In his article on the Tewkesbury flooding, James Meek falls into a common error when he writes that there are two ways of looking at the likely occurrence of a once in a hundred years flood: that it hasn’t happened for a hundred years, so isn’t going to happen this year either; or that it hasn’t happened for a hundred years, so is long overdue (LRB, 31 July). There is only one way: rivers have no memory, so every year there is a 1 per cent chance of a flood, no matter how many years have passed since the last one. Whether or not you believe this has nothing to do with whether you’re a ‘hardened gambler’. Some people think they should stop flying because they’ve flown so often that the odds of being in a crash are getting shorter, but they should ask themselves what the odds are for some other passenger on their next flight who has never flown before. The odds of being in a plane crash are the same every time you board a plane no matter how many times you have flown before.

John Clayton
Sydney

James Meek states that ‘Severn Trent plc failed its customers catastrophically for the lack of a £25 million pipeline,’ but given that the chance of an annual flood was 1 per cent, it isn’t clear that spending all that money on a pipeline would have been a wise bet.
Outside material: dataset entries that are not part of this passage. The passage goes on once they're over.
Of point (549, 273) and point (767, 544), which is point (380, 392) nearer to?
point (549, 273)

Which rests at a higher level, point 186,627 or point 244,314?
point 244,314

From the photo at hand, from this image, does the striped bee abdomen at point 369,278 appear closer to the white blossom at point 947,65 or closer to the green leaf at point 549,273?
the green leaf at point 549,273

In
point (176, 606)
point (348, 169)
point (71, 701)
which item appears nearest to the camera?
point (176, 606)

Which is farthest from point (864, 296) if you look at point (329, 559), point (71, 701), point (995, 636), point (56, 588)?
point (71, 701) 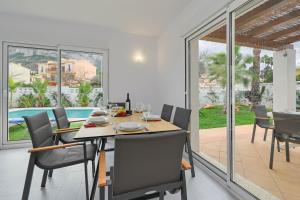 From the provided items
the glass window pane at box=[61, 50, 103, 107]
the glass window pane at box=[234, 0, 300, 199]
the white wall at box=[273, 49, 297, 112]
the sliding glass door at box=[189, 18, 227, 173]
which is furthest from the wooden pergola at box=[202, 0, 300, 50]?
the glass window pane at box=[61, 50, 103, 107]

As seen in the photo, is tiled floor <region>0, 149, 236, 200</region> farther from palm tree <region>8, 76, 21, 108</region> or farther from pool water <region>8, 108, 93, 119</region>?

Long-odds risk analysis is very difficult to implement, because the problem isn’t just a matter of arithmetic. The lottery offers poorer odds than you’d find in any casino, but the contrast between the small stake and the life-changing outcome is so large that it is a defensibly good bet nonetheless; Russian roulette has shorter odds, but losing is catastrophic; house insurance is a long-odds bet we want to lose. A Severn Trent director, a Tewkesbury resident, and a public water utility might well come to different rational conclusions about whether or not an insurance punt was a good idea.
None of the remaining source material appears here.